A MURAL celebrating 20th century shipbuilding on the Clyde has recently been completed at the Maid of the Loch.

The charity which owns the Maid, which has been hauled out of the water for essential repairs, hopes to return the ship in working order to the loch and one day to be able to carry passengers on day trips again.

To commemorate the ship, and the pride taken in local shipbuilding, a mural has been completed for the public to visit.

The stunning artwork, which can be found at the new slipway cabin, was commissioned by the Loch Lomond Steamship Company as part an ongoing heritage project to create a new exhibition space for the ship - the last paddle steamer to be built on the River Clyde.

Illustrator and mural painter Barry Jenkins from Glasgow was chosen to create the artwork due to his experience and his outstanding ability to capture life, past and present, and to bring it to life with creative flair.

Barry said: “The brief was to create a mural based on shipbuilding and specifically the building of the Maid of the Loch.

"The mural shows the hard work that goes into shipbuilding. Inspiration was drawn from artists such as Stanley Spencer and Peter Howson.

"After spending some time around the Maid of the Loch, visiting the Winch House, and speaking to a few of the staff and volunteers, I started to formulate an idea and created a rough design from the visit.

"Like Stanley Spencer's paintings I wanted the mural to be busy looking, with lots of activity and machinery everywhere.

"I felt that the large cogs in the winch house had to feature in the mural as they are so visually striking.

"There is also a photo in one of the brochures that shows the progress of the staff removing a hatch to one of the paddles on the ship.

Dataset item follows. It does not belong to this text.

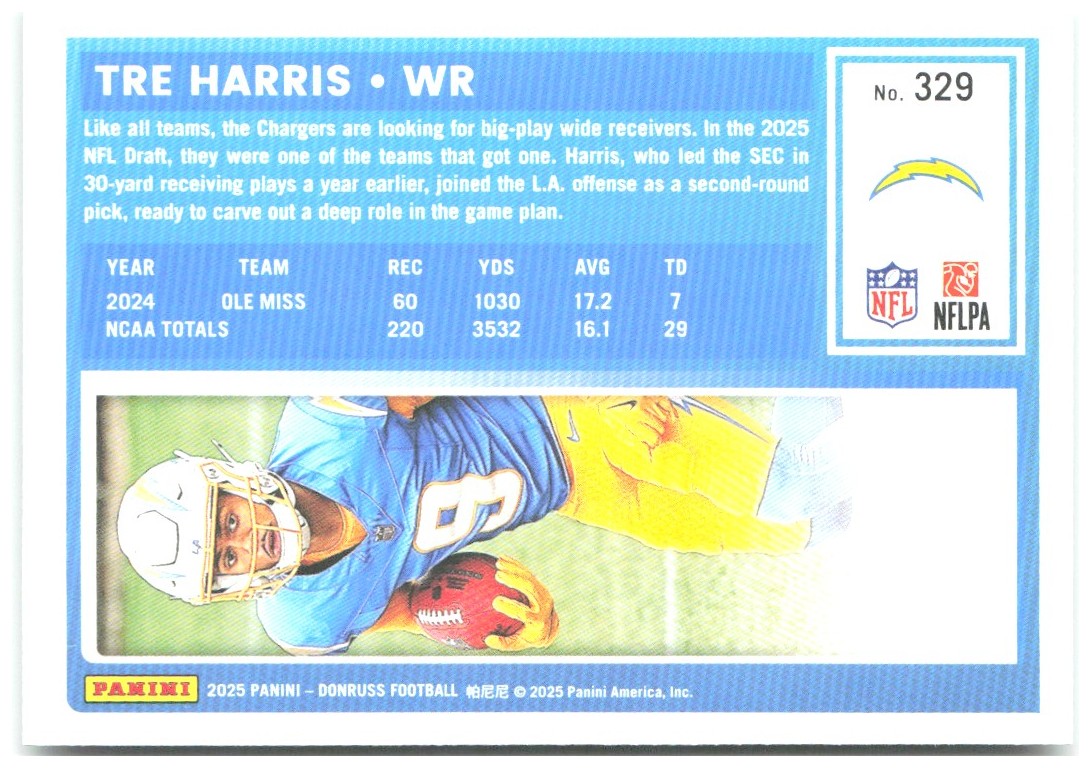 Tre Harris Donruss - Press Proofs Green 329 2025 Los Angeles Chargers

"I found this to be a perfect fit for the direction I would like the mural to go so I added that.

"There are sections of ship, cranes, supports, winch cogs and a paddle all featured in the mural.

"The people in the mural are dressed as they would have been when the Maid of the Loch was getting built.

"They are all working on tasks that were required for shipbuilding on the Clyde. You might notice there is a woman burner working in the foreground.

"Whilst the workforce was largely male, there were plenty of female workers also. It was a pleasure to paint this mural right next to the Maid.

"It made it a memorable experience for myself, and I hope that it shows in the mural. Thanks to all the staff there for being so knowledgeable and accommodating.

"It makes all the difference when you know people are doing this to preserve part of Clyde built history for the love of it.”

The Maid was built by workers at the A. & J. Inglis yard at Pointhouse in Glasgow - the same yard that built the world-famous Waverley - and was transported in pieces to Balloch and reassembled there before being launched in 1953. 

Charli Summers, activities coordinator at Maid of the Loch, said: "We are delighted with the artwork.

"It really captures the feel and activities of a working shipyard and is set mid-century when the Maid of the Loch paddle steamer was built.

"Our heritage project involves creating an exhibition space, showcasing important collections and stories surrounding shipbuilding, engineering and social histories involved in building the paddle steamer."

The mural is open to the public and can be found on the slipway.